Effect of ethanol-induced nuclear accumulation of GAPDH or TIEG2 (an MAO B transcriptional activator) and the presence of the GAPDH/TIEG2 complex in the nucleus. (A) Western blotting of nuclear TIEG2 or GAPDH. Nuclear proteins were isolated from cells that were treated with or without ethanol for 72 h and analyzed with anti-TIEG2 or with anti-GAPDH. Quantitative analysis of optical density of TIEG2 or GAPDH (normalized to the density of histone H4) is shown at the bottom. (B) Nuclear TIEG2 co-immunoprecipitation with GAPDH. Nuclear proteins were isolated from cells that were treated with or without ethanol for 72 h, immunoprecipitated by incubation with anti-TIEG2 antibody, and analyzed by Western blotting with anti-GAPDH antibody. Quantitative analysis is shown at the bottom. Data represent the mean ± S.D. of four independent experiments. *p < 0.001 compared with respective control group (without ethanol) which was taken as 1. (C) Transient transfection and luciferase assay for the interaction among GAPDH, TIEG2, and MAO B promoter in U-118 MG cells. MAO B 2 kb promoter-luciferase reporter gene was co-transfected with pcDNA3.1 (control), GAPDH (wild type)-, GAPDH mutant (K160R)- or GAPDH mutant (Cys150)-expression vector, TIEG2-expression vector or both GAPDH- and TIEG2-expression vectors into cells. After 24 h, cells were treated with ethanol (75 mM) daily for another 2 days.

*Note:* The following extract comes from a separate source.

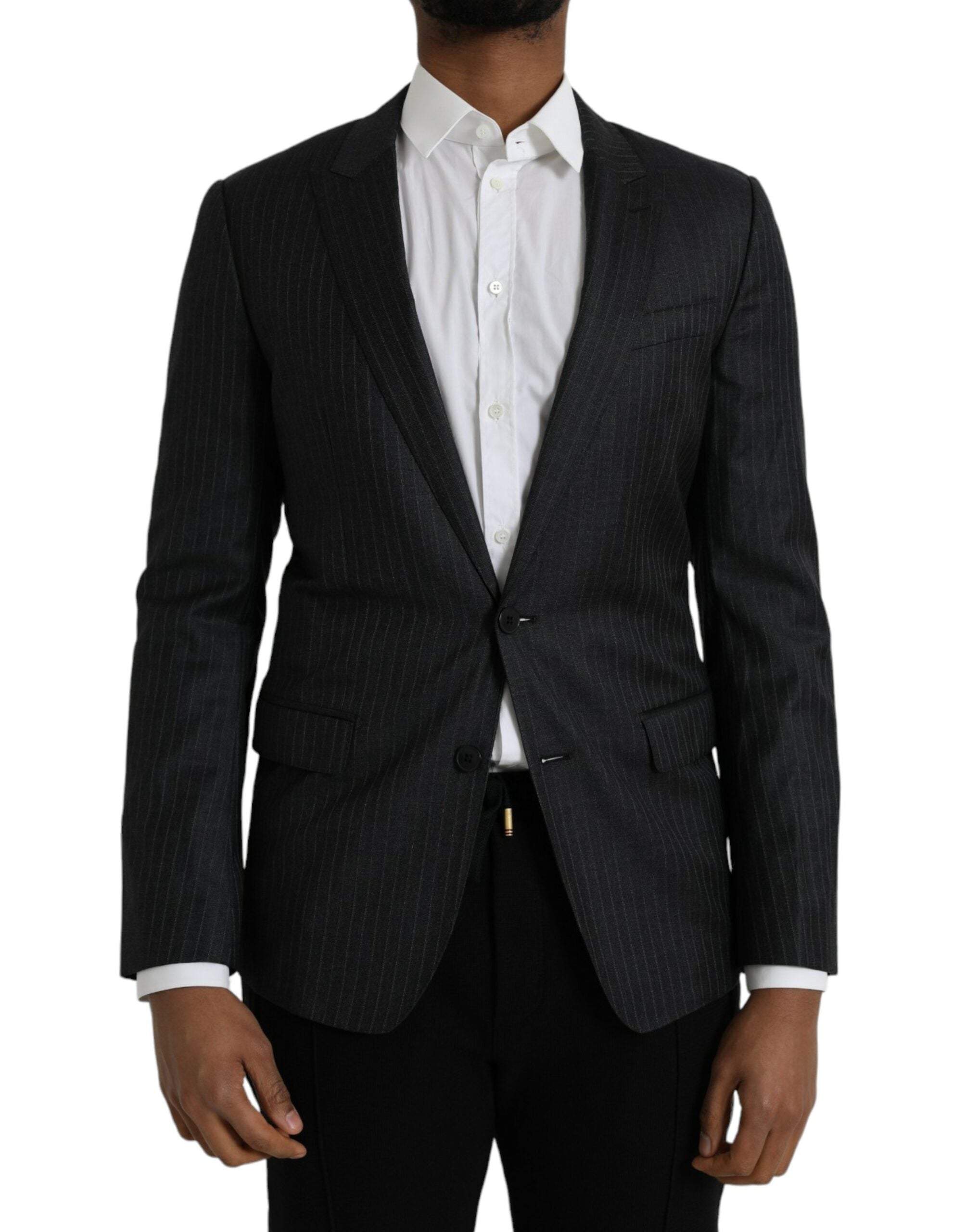Dolce & Gabbana Black Striped MARTINI Single-Breasted Coat Blazer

All measurements were performed in triplicate in three independent experiments. *, p < 0.01, **, p < 0.001 and #, p < 0.0001 compared with control (transfected with pcDNA3.1; lane 1).

Fig. 5

Effects of GAPDH-knockdown on MAO B mRNA level and DNA damage in U-118 MG cells. (A) Western blot analysis of GAPDH-knockdown mediated by siRNA. Cells were transfected with control-siRNA or GAPDH-siRNA for 3 days. Equal amounts of total protein from each supernatant solution were resolved by SDS/PAGE and blotted by anti-GAPDH antibody. (B) Effects of GAPDH-knockdown on MAO B mRNA level. Control-siRNA-transfected cells or GAPDH-knockdown cells were treated with ethanol (75 mM) for 2 days, and then the MAO B mRNA level was determined. *, p < 0.0005 compared with control-siRNA transfected cells in ethanol-treated group. (C) Fluorescence showing TUNEL(+) cells and TUNEL(−) cells after treatment with ethanol in control-siRNA transfected cells or in GAPDH-knockdown cells. (a) Photomicrographs show representative cells from each treatment group (ethanol treatment was 2 days); arrows indicate apoptotic cells. (b) Percentage of cells that contain damaged DNA (green fluorescence) induced by ethanol (0, 2 or 3 days) as revealed by the TUNEL assay. Experiments were done in duplicate in three independent evaluations. The average counted cell numbers are 775, 694, 758, 983, 716 and 695 from lane 1 to lane 6, respectively. *, p < 0.001 and ** p < 0.0001 compared with control-siRNA-transfected cells in the ethanol-treated groups.

Fig. 6

Effects of MAO B inhibitor (selegiline) on ethanol-induced GAPDH nuclear translocation, MAO B mRNA level and the generation of toxic H₂O₂. Cells were treated with 75 mM ethanol without or with selegiline (0.25 nM) for 48 h (for immunofluorescence and mRNA level) or 72 h (for Western blotting and measurement of H₂O₂ generation). GAPDH nuclear accumulation was determined by (A) immunofluorescence microscopy and (B) Western blotting. Nuclear proteins were isolated from cells that were treated with ethanol or with both ethanol and selegiline for 72 h and were analyzed with anti-GAPDH antibody as indicated. Quantitative analysis of optical density of GAPDH (normalized to the density of histone H4) is shown at the bottom. *, p < 0.0001 compared with ethanol-treated group (without selegiline). (C) MAO B mRNA levels and (D) generation of H₂O₂ were also determined. Controls were cells treated with ethanol alone which were taken as 100%. *, p < 0.001 and #, p < 0.005. Data represent the mean ± S.D. of three independent experiments.